• [TASK MATERIAL]
== Segment start ==

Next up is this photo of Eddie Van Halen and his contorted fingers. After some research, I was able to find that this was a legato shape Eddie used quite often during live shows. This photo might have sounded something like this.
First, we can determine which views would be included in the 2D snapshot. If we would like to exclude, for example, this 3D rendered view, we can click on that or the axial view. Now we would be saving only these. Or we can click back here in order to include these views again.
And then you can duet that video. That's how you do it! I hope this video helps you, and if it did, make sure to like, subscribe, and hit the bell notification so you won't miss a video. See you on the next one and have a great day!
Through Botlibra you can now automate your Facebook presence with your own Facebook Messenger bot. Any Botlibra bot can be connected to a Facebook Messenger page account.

== Segment end ==
== Segment start ==

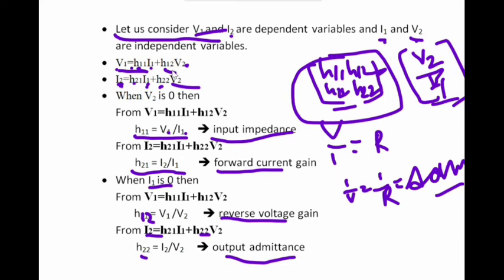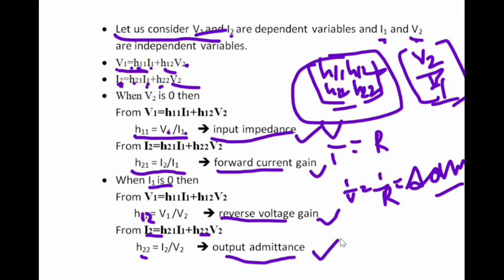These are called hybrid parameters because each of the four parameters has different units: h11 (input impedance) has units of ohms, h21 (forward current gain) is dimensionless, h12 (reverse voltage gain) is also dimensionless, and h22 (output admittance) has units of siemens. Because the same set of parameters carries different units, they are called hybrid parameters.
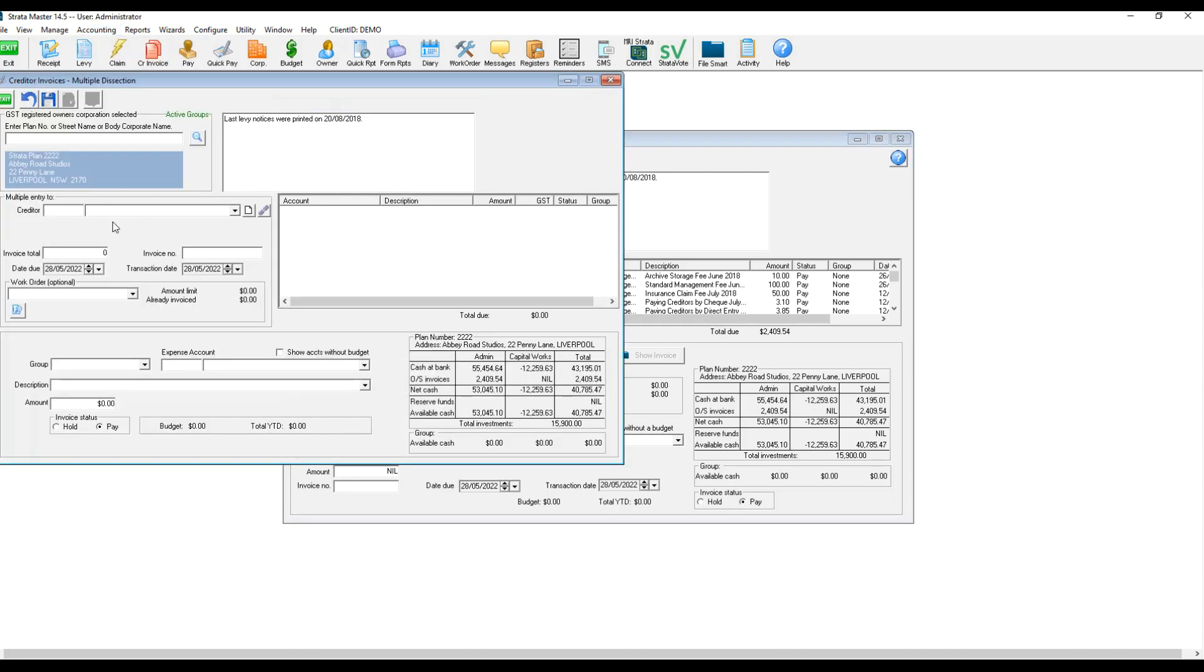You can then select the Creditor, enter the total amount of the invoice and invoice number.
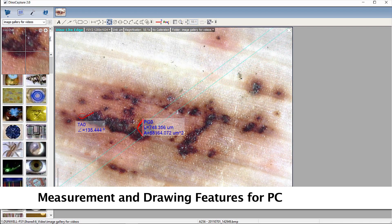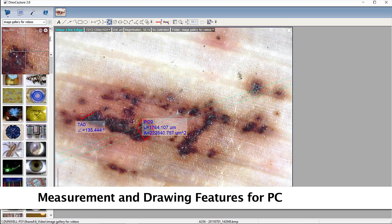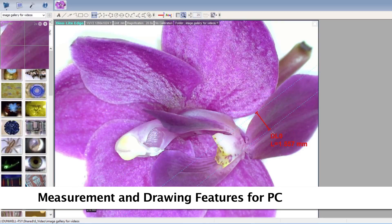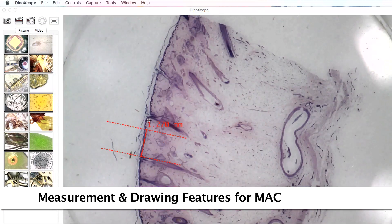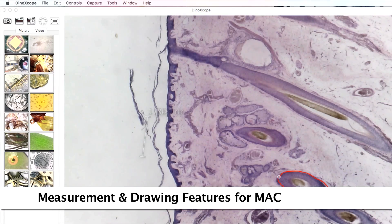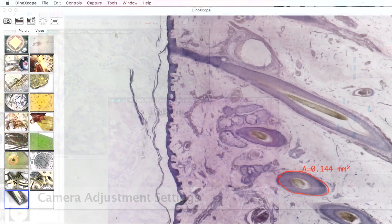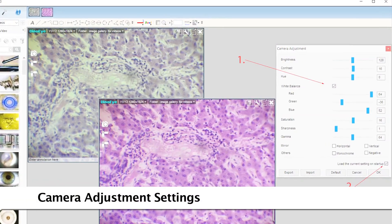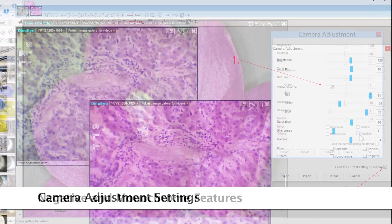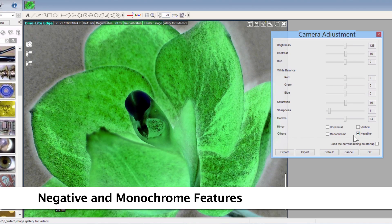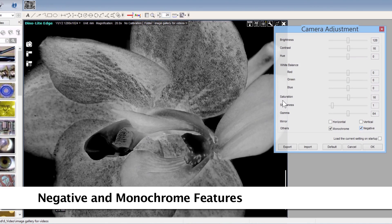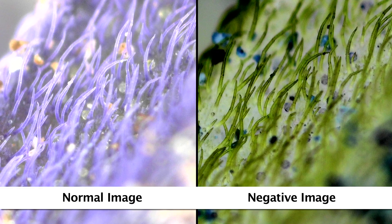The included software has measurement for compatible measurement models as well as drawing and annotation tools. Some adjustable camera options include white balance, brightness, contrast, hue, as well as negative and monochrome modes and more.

== Segment end ==
== Segment start ==

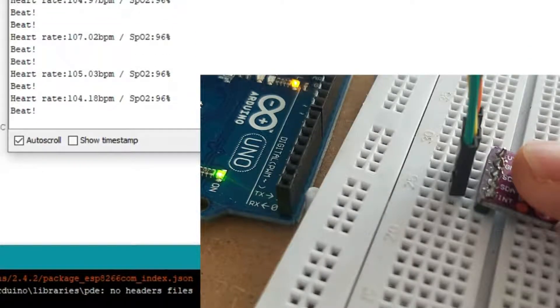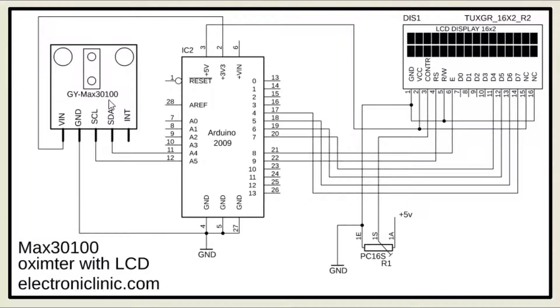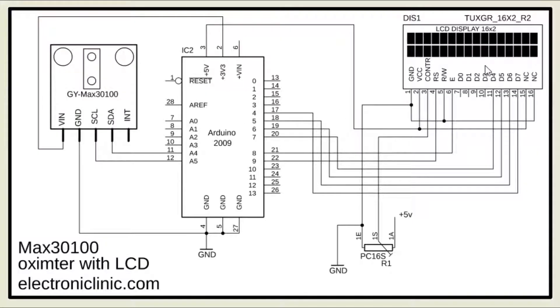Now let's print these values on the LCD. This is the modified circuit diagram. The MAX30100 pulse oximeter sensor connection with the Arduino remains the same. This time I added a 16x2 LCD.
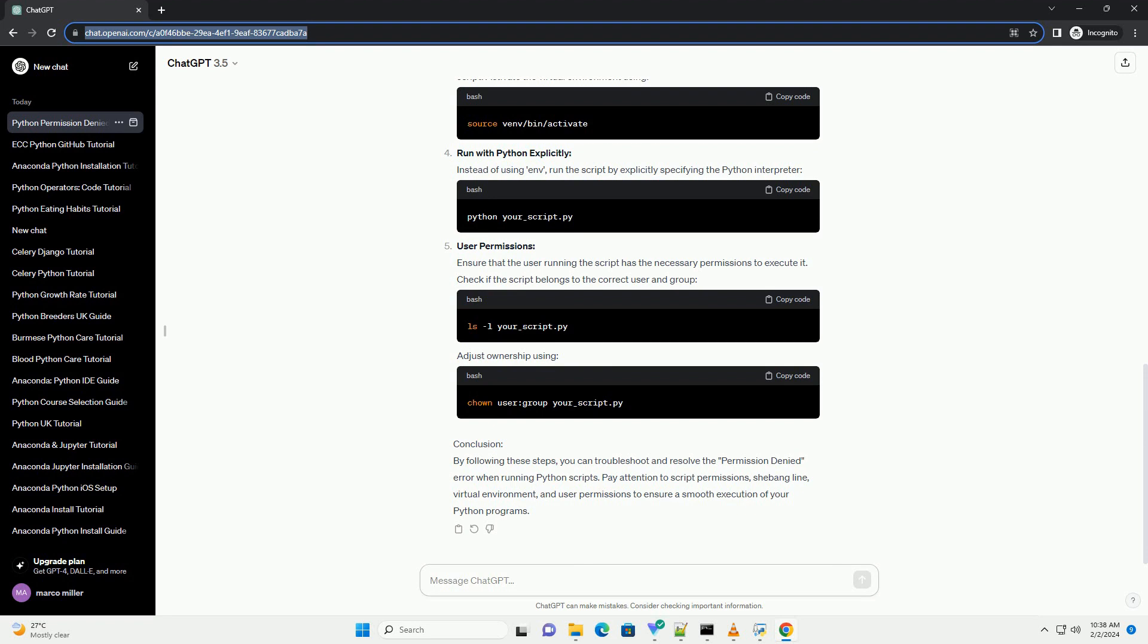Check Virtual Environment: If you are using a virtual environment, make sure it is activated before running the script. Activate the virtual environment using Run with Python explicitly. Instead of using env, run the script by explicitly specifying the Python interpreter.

== Segment end ==

• [WHAT IS REQUIRED] Return word for word the lines above from the line with "Next up is this" to the line with "First, we can", including both and leaving out all others.

• [FINISHED EXERCISE]
Next up is this photo of Eddie Van Halen and his contorted fingers. After some research, I was able to find that this was a legato shape Eddie used quite often during live shows. This photo might have sounded something like this.
First, we can determine which views would be included in the 2D snapshot. If we would like to exclude, for example, this 3D rendered view, we can click on that or the axial view. Now we would be saving only these. Or we can click back here in order to include these views again.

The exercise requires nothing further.